= Luigi Melchiorre =

Italian sculptor

Luigi Melchiorre (Valenza, Kingdom of Sardinia, 1859 - After 1908) was an Italian sculptor.

==Biography==

Melchiorre first studied at the Accademia Albertina in Turin, then traveled to Florence and finally to Rome to work under Giacomo Ginotti (1845 - 1897). He moved back to reside in Turin.

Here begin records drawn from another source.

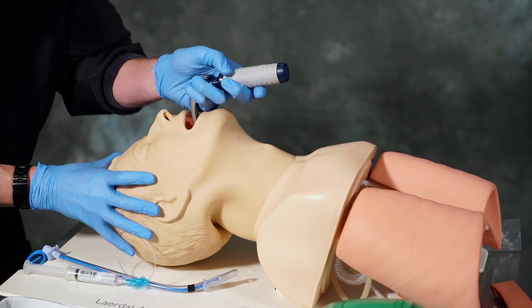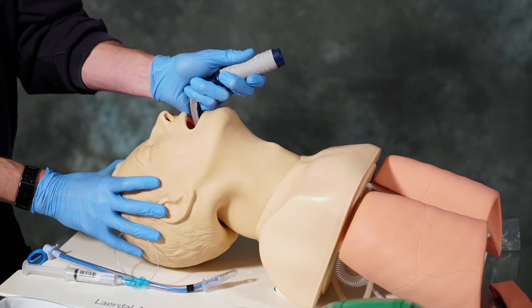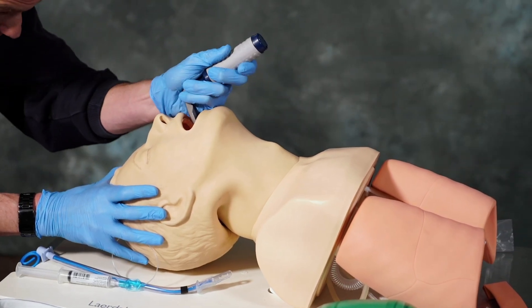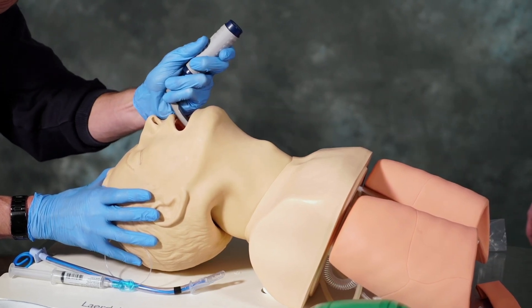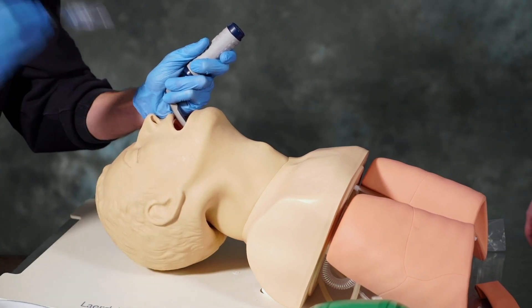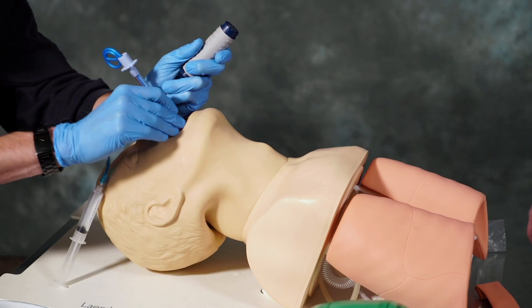Once we have the patient's head positioned properly, we're going to insert the laryngoscope blade on the right side of the patient's mouth and sweep left, trying to push the tongue out of the way in order to get a good visualization of the vocal cords. Once we visualize the vocal cords, we then take our ET tube, insert it, and physically watch it pass through the vocal cords.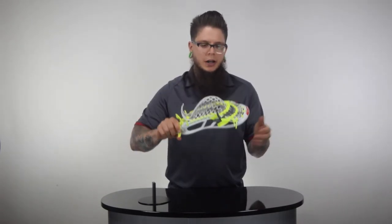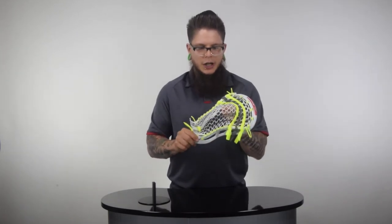Nice high pocket like that D-man is going to want. I put three flat laces in there with a really simple bottom string — really nice smooth release. It's going to have a little bit of width because it's a high pocket anyway, so that's kind of the nature of the beast. But I like the head and I'm a huge fan of the color scheme with the gray and that neon yellow — it really popped really hard. The head's fantastic.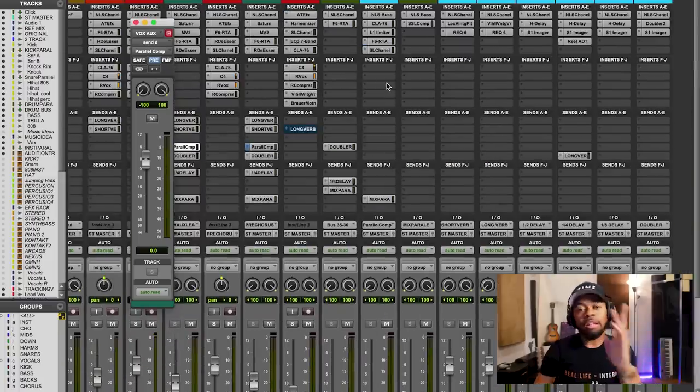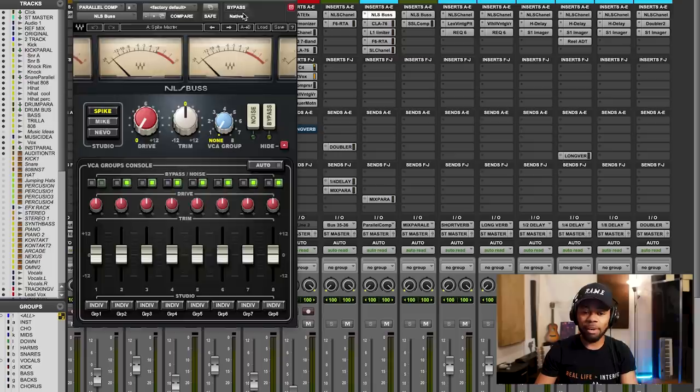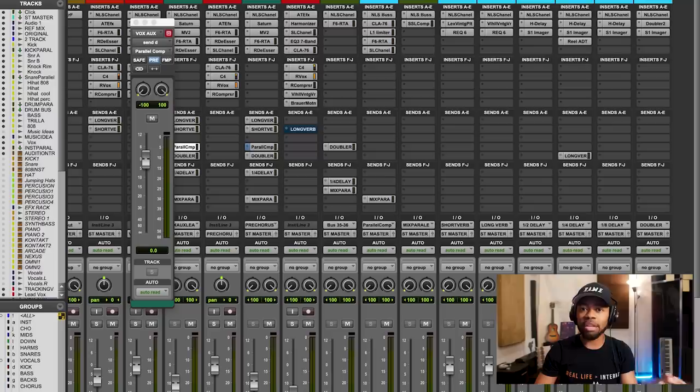Now let's move over to the track we created for the parallel compression. The first thing I like to do is put the NLS channel on everything — it just adds a little bit of analog saturation. That's pretty standard, it's what I always do.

In 1881 in Milan he sculpted a plaster monument depicting the Genius of Columbus, a bust of King Umberto I and a statuette titled Il micino. In 1883 in Rome he displayed La scritta nuziale and The wife of Claudius. In 1884 in Turin he exhibited a marble statuette titled L'importuno and a bust depicting Mary Magdalene. In 1886 he exhibited la Pieta and Vinsi. In 1887 in Turin Cleopatra and Luce ed Arte; at the 1888 Zootecnica, In Processione; in 1889, Giuseppe Garibaldi and San Giovanni; in 1890, La Cantoniera and Portatrices d'acqua; in 1891, Lylium puritatis, and in 1892, Tibicino. In 1893, he exhibited: Rosa Mistica, Battle of Dogali, a portrait of Benvenuto Cellini, Wife of Lot, Primavera della vita, and La Musa di Verdi.

He completed a number of monuments, including one dedicated to the Duke of Genoa for the Venaria Reale, a Monument to Garibaldi erected in Valenza, the funereal monument of Comm. Scavia in Castellazzo Bormida (Province of Alessandria), and that of Signor Vaccari in Valenza, and of the Soldiers Fallen in Africa erected in the town of Valenza. His sculptures of Saint Alessandro, Carlo, Siro and Louis decorate the facade of Santi Alessandro e Carlo in Alessandria. He continued to exhibit till 1908.